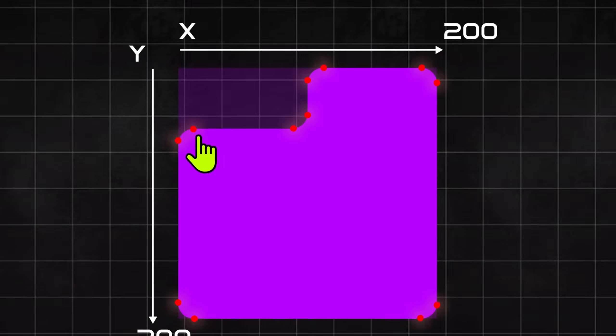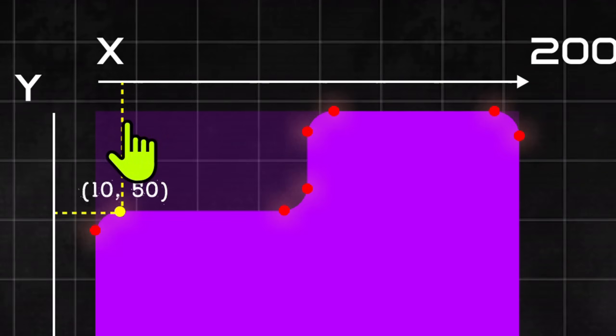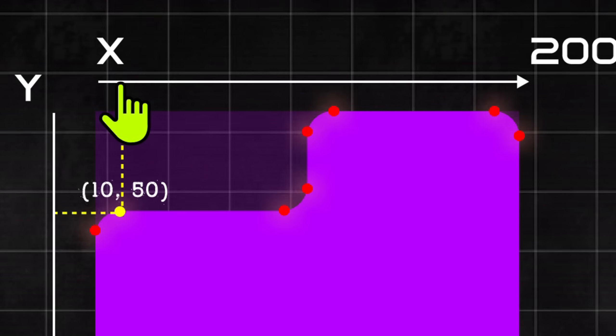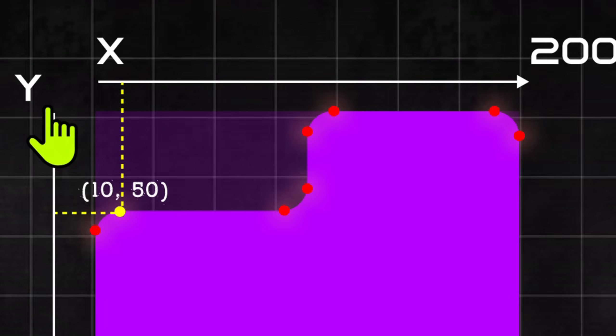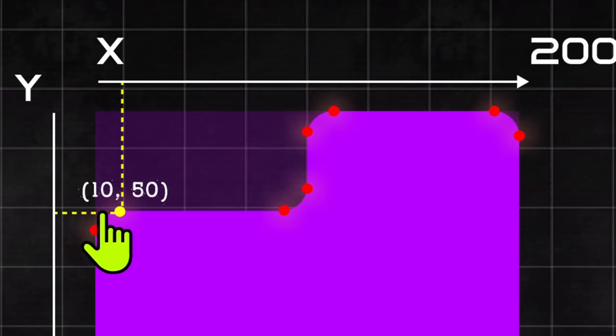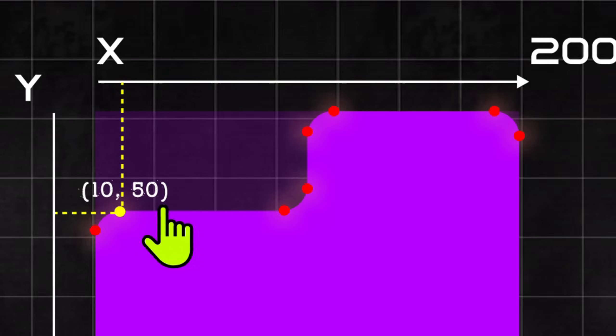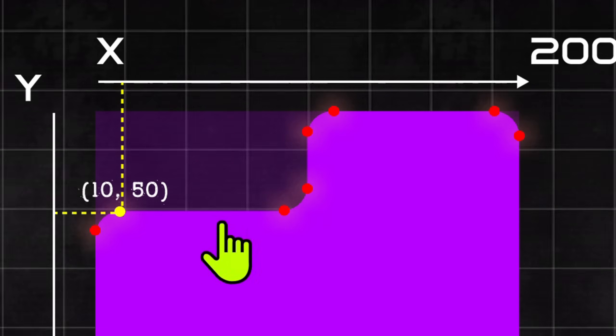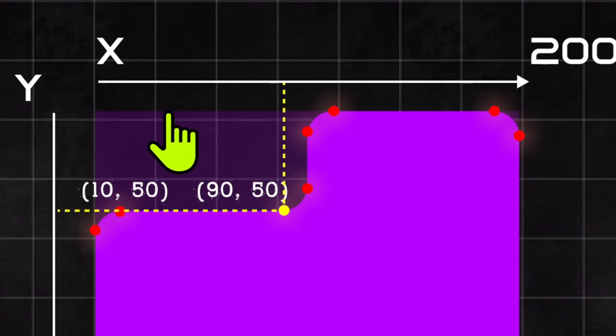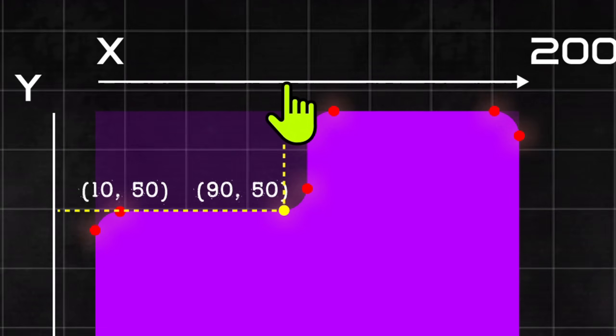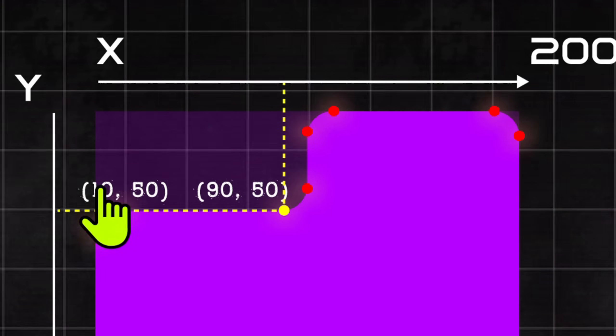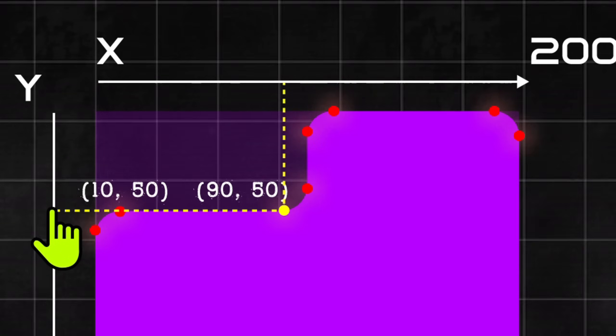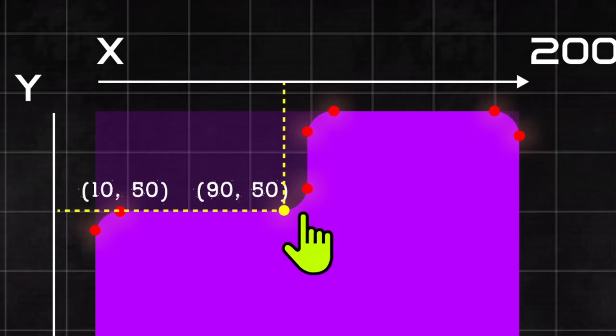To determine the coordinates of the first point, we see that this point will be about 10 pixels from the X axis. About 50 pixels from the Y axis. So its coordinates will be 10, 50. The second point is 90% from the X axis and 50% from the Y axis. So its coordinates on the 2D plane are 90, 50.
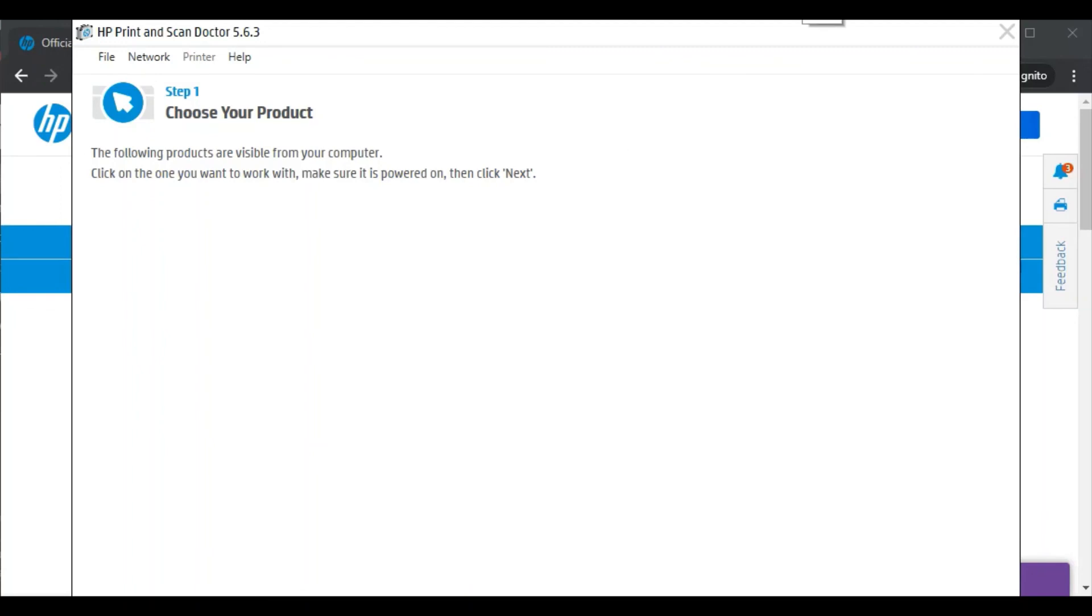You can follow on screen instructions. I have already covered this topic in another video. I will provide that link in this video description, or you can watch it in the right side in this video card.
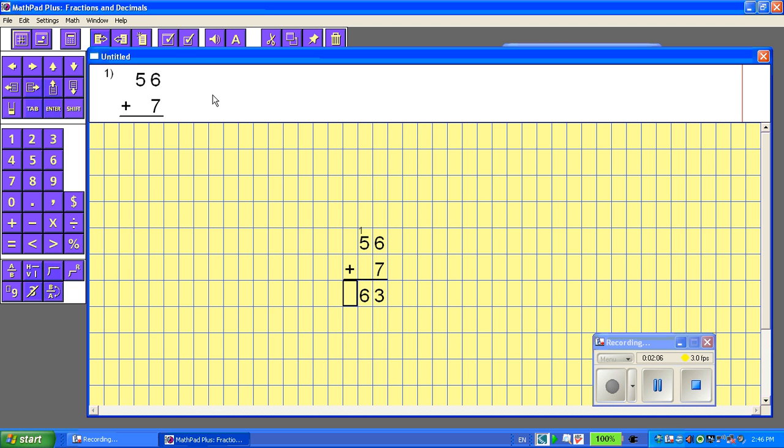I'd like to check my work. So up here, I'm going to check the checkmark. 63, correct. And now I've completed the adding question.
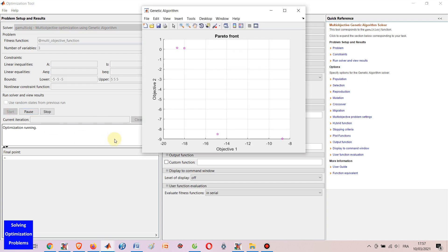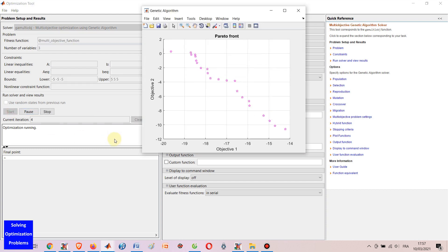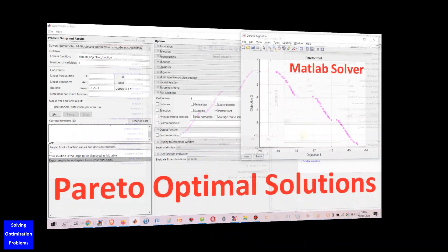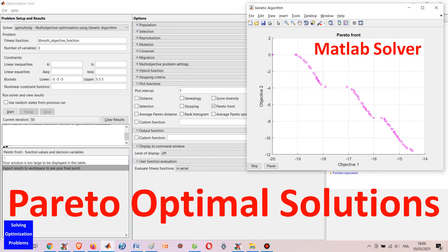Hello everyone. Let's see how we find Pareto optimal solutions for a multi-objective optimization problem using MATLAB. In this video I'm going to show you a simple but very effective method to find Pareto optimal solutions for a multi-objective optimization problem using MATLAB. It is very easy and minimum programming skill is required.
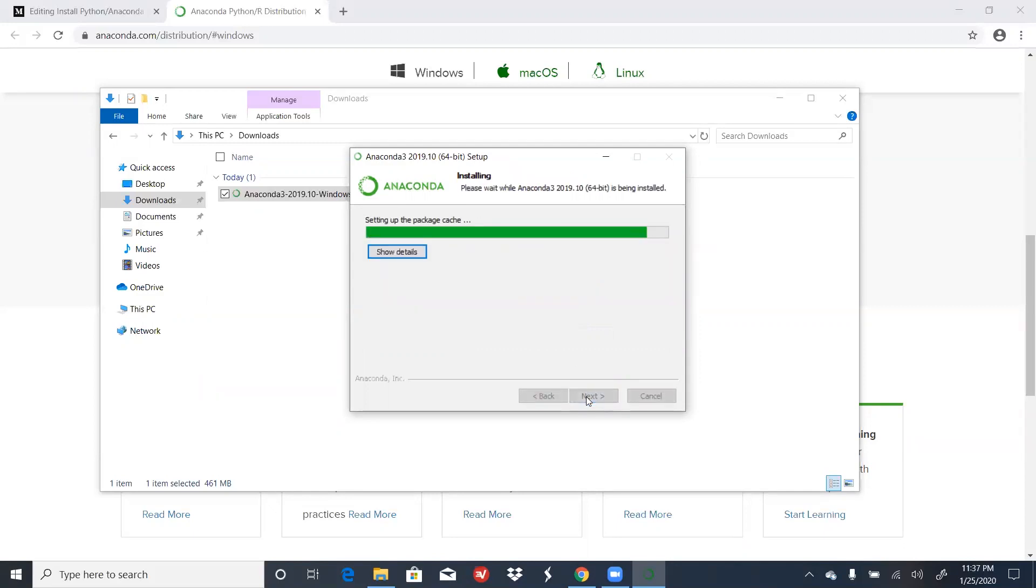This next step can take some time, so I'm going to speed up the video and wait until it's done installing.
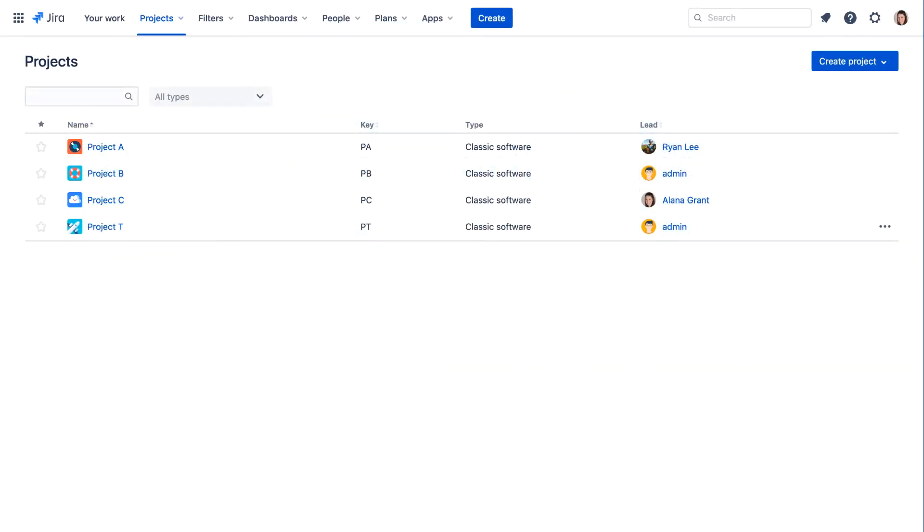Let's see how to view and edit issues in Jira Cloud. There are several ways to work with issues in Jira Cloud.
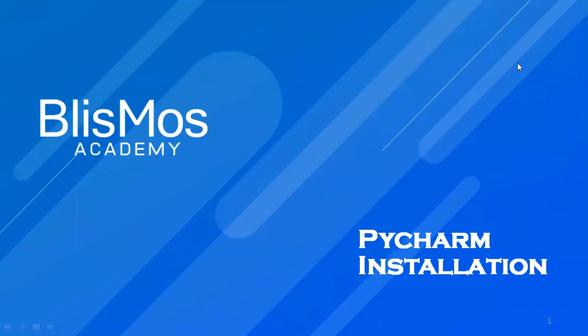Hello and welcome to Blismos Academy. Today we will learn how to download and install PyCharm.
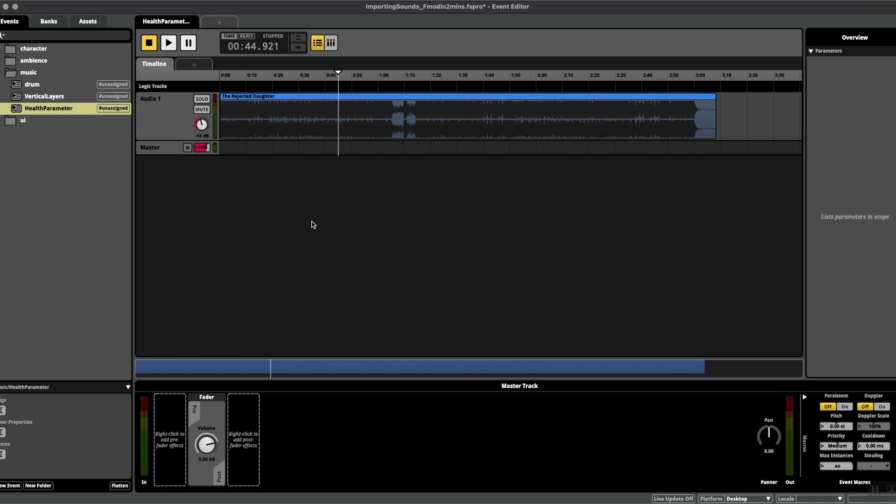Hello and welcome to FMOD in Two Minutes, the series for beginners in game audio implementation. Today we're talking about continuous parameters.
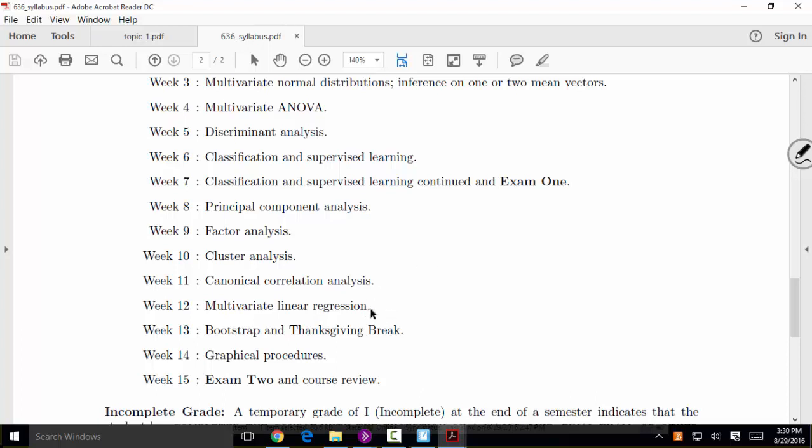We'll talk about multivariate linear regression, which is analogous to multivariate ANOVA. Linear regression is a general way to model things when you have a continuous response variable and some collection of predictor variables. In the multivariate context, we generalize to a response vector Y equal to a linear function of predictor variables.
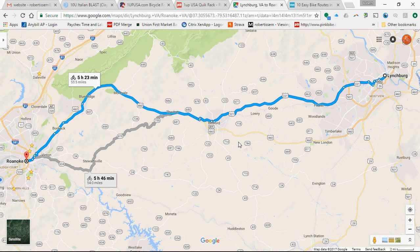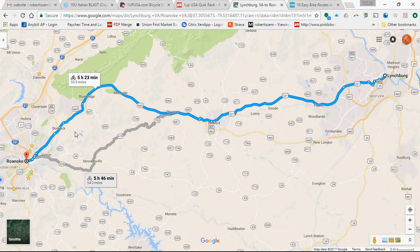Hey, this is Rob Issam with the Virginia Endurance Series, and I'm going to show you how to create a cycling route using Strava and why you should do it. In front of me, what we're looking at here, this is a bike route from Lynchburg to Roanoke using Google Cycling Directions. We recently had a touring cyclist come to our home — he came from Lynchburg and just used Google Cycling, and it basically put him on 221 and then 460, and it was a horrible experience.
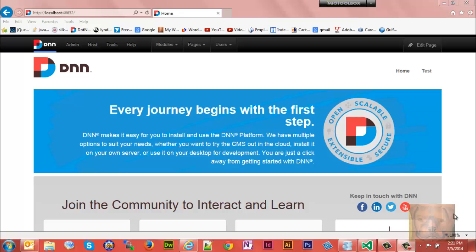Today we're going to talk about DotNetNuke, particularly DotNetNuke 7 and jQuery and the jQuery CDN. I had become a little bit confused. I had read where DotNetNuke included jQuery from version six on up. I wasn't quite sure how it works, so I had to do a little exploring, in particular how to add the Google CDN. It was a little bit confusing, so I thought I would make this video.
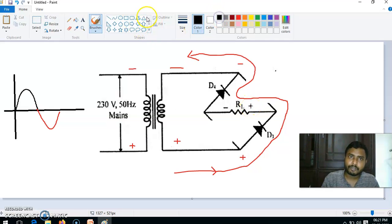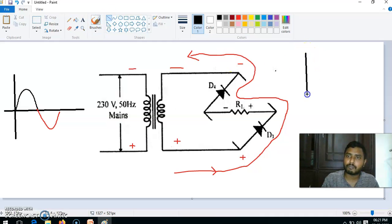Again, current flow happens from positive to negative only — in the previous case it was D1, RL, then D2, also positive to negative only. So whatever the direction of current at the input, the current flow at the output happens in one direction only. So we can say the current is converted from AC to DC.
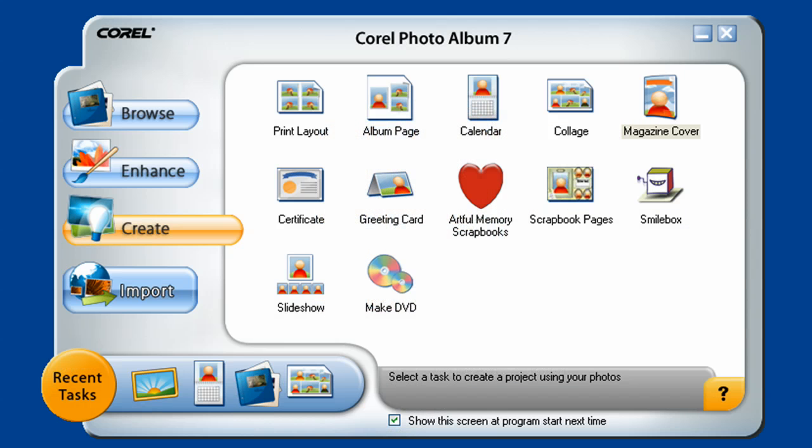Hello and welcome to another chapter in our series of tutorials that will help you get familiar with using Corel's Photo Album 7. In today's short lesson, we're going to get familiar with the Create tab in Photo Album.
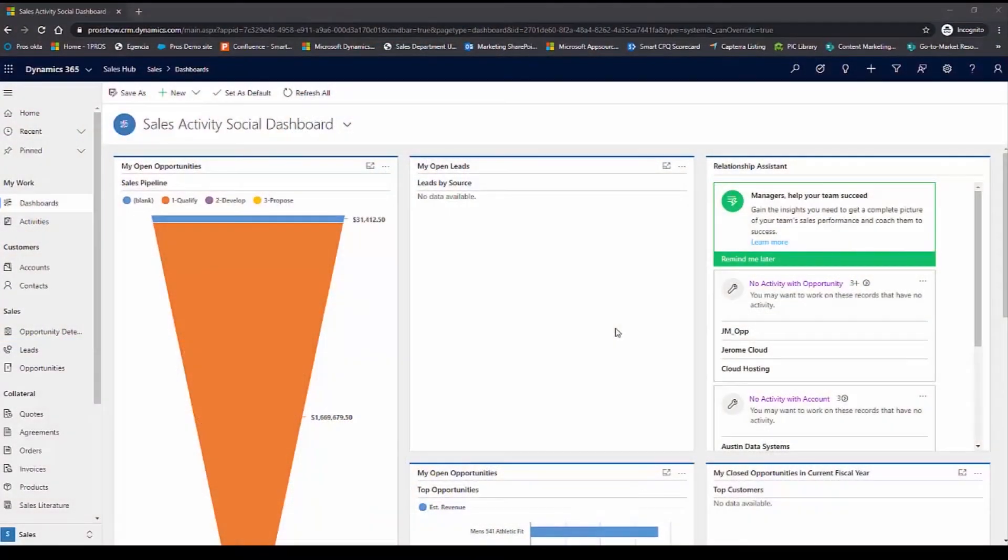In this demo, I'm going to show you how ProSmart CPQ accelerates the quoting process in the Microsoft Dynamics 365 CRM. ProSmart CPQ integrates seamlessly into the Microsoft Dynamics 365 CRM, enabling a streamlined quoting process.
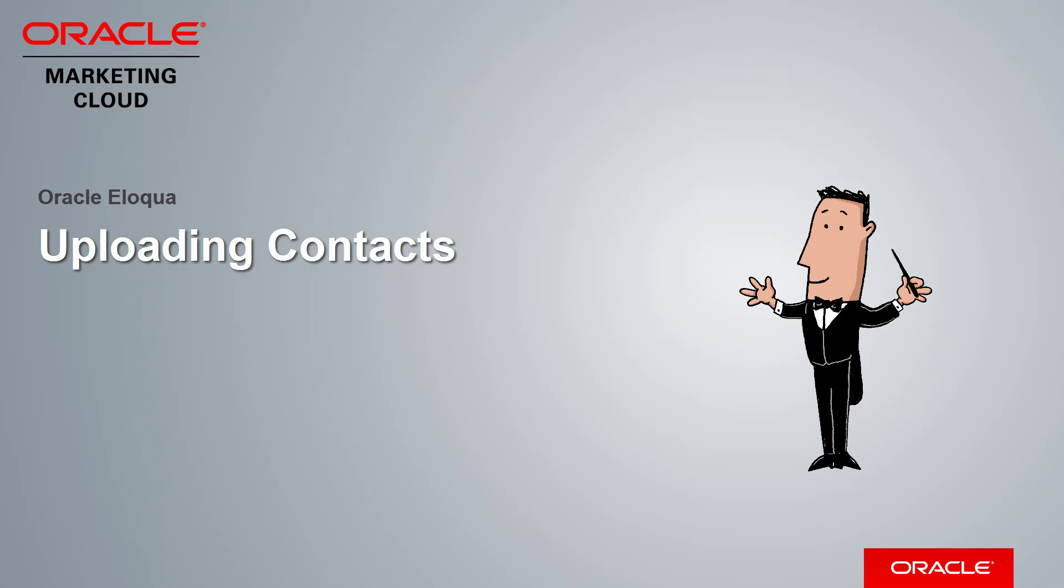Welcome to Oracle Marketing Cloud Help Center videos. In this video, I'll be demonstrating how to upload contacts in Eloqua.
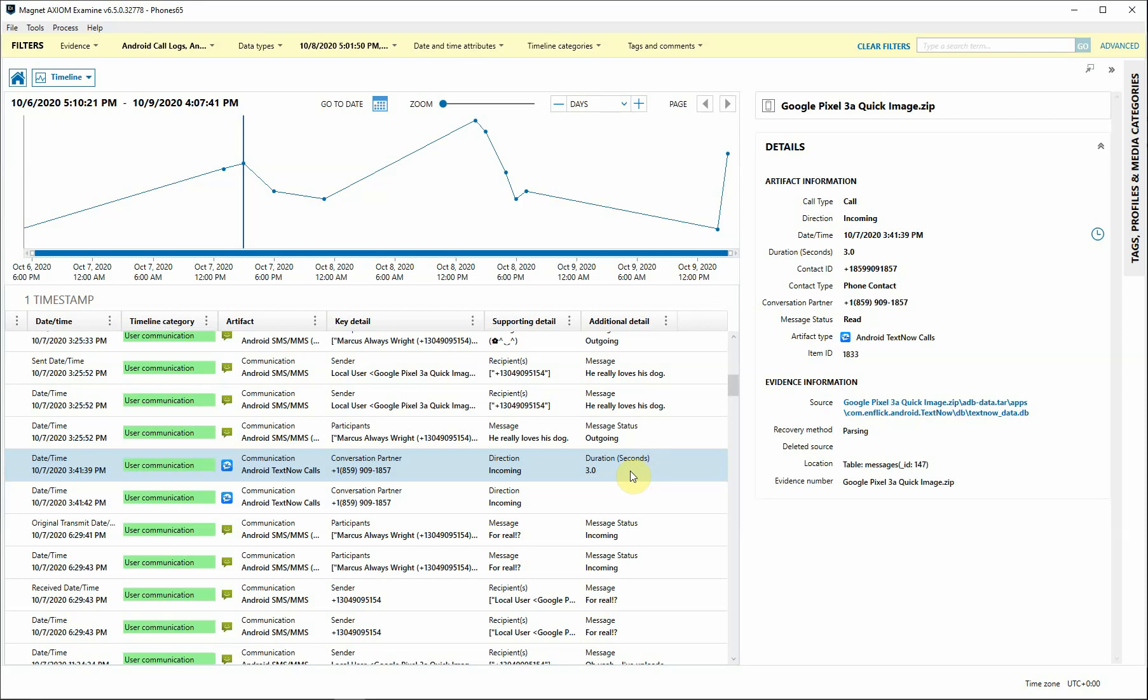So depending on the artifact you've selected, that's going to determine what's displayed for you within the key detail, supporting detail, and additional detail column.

» Task requirements:
Could you write out the whole listing exactly, skipping every picture?

» Answer to this task:
To determine the coordinates of the first point, we see that this point will be about 10 pixels from the X axis. About 50 pixels from the Y axis. So its coordinates will be 10, 50. The second point is 90% from the X axis and 50% from the Y axis. So its coordinates on the 2D plane are 90, 50.
You can follow on screen instructions. I have already covered this topic in another video. I will provide that link in this video description, or you can watch it in the right side in this video card.
I'd like to check my work. So up here, I'm going to check the checkmark. 63, correct. And now I've completed the adding question.
Hello everyone. Let's see how we find Pareto optimal solutions for a multi-objective optimization problem using MATLAB. In this video I'm going to show you a simple but very effective method to find Pareto optimal solutions for a multi-objective optimization problem using MATLAB. It is very easy and minimum programming skill is required.
This next step can take some time, so I'm going to speed up the video and wait until it's done installing.
Let's see how to view and edit issues in Jira Cloud. There are several ways to work with issues in Jira Cloud.
Hello and welcome to Blismos Academy. Today we will learn how to download and install PyCharm.
Hello and welcome to FMOD in Two Minutes, the series for beginners in game audio implementation. Today we're talking about continuous parameters.
We'll talk about multivariate linear regression, which is analogous to multivariate ANOVA. Linear regression is a general way to model things when you have a continuous response variable and some collection of predictor variables. In the multivariate context, we generalize to a response vector Y equal to a linear function of predictor variables.
Hey, this is Rob Issam with the Virginia Endurance Series, and I'm going to show you how to create a cycling route using Strava and why you should do it. In front of me, what we're looking at here, this is a bike route from Lynchburg to Roanoke using Google Cycling Directions. We recently had a touring cyclist come to our home — he came from Lynchburg and just used Google Cycling, and it basically put him on 221 and then 460, and it was a horrible experience.
Today we're going to talk about DotNetNuke, particularly DotNetNuke 7 and jQuery and the jQuery CDN. I had become a little bit confused. I had read where DotNetNuke included jQuery from version six on up. I wasn't quite sure how it works, so I had to do a little exploring, in particular how to add the Google CDN. It was a little bit confusing, so I thought I would make this video.
Again, current flow happens from positive to negative only — in the previous case it was D1, RL, then D2, also positive to negative only. So whatever the direction of current at the input, the current flow at the output happens in one direction only. So we can say the current is converted from AC to DC.
Hello and welcome to another chapter in our series of tutorials that will help you get familiar with using Corel's Photo Album 7. In today's short lesson, we're going to get familiar with the Create tab in Photo Album.
In this demo, I'm going to show you how ProSmart CPQ accelerates the quoting process in the Microsoft Dynamics 365 CRM. ProSmart CPQ integrates seamlessly into the Microsoft Dynamics 365 CRM, enabling a streamlined quoting process.
Welcome to Oracle Marketing Cloud Help Center videos. In this video, I'll be demonstrating how to upload contacts in Eloqua.
So depending on the artifact you've selected, that's going to determine what's displayed for you within the key detail, supporting detail, and additional detail column.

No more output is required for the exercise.